Es posible que algunos de ellos, al partir, sintieran una pizca de fervor patriótico, una leve oleada de orgullo varonil, pero a esas alturas las duras marchas, la comida mala y el tiempo gélido habían conseguido agotar, matar de inanición y congelar cualquier atisbo de entusiasmo. El Príncipe Ladisla, por otra parte, estaba lejos de ser un líder capaz de volver a insuflarles ánimos, aun en el caso de que se hubiera molestado en intentarlo.

Mientras pasaba a su lado, West miraba aquellos rostros demacrados, adustos y exhaustos, y ellos le devolvían la mirada con gesto abatido. Lo único que deseaban era regresar a sus hogares, y West se sentía incapaz de culparles por ello. Era lo mismo que deseaba él.

—¡Coronel West!

Un tipo corpulento le miraba con cara sonriente, un hombre de barba poblada que vestía el uniforme de oficial de la Guardia Real. West, sorprendido, se percató de que se trataba de Jalenhorn. Bajó de su montura y estrechó la mano que le tendía el grandullón entre las suyas. Se alegraba mucho de verlo ahí. Era una presencia que transmitía firmeza, honestidad, confianza. Un recordatorio de su vida anterior, de cuando aún no se movía entre los grandes de este mundo y las cosas eran mucho más sencillas.

—¿Qué tal te va, Jalenhorn?

—Muy bien, gracias. Estoy haciendo una ronda por el campamento para matar el tiempo mientras esperamos —el grandullón formó un cuenco con las manos, sopló dentro y luego se las frotó—. Y tratando de ahuyentar el frío.

—La guerra, lo sé por propia experiencia, es así. Una larga espera en condiciones penosas. Una larga espera con algún que otro momento de absoluto terror.

En los labios de Jalenhorn se dibujó una sonrisa sarcástica.

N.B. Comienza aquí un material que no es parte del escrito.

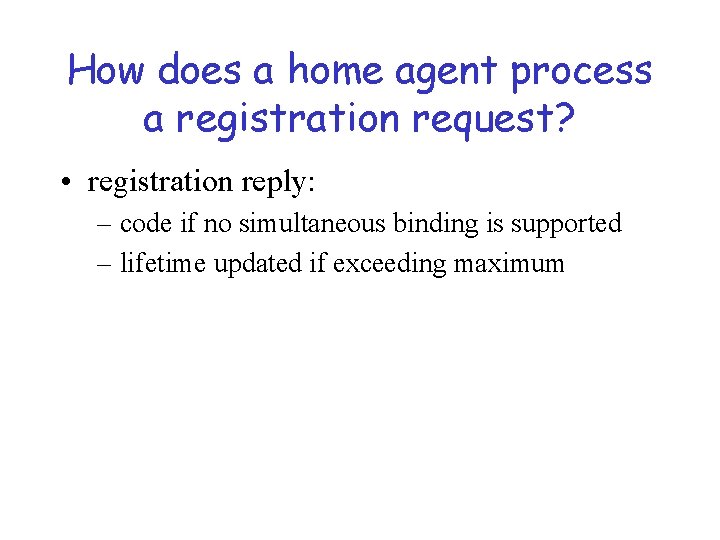 How does a home agent process a registration request? • registration reply: – code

—Entonces sólo nos quedan los buenos momentos. ¿Qué tal van las cosas por el Estado Mayor del Príncipe?

West sacudió la cabeza.

—Es una competición por ver quién consigue ser más arrogante, más ignorante y más inútil. ¿Y a ti qué tal te va? ¿Qué te parece la vida de campamento?

—Nosotros no estamos demasiado mal. Pero me preocupan los de las levas. No están en condiciones de combatir. Según he oído, la otra noche dos de los de más edad murieron de frío.

—Bueno, son cosas que ocurren. Confiemos en que los entierren a suficiente profundidad y lo más lejos de nosotros que sea posible —West se daba cuenta de que el grandullón pensaría que era insensible, pero así eran las cosas. Pocos de los caídos en Gurkhul murieron en el campo de batalla. Accidentes, enfermedades, heridas mal curadas. Se acaba dándolo por descontado. ¿Qué cabía esperar con unas levas tan mal equipadas? Lo más probable es que no hubiera ni un solo día en que no tuvieran que enterrar a unos cuantos hombres—. ¿Necesitas algo?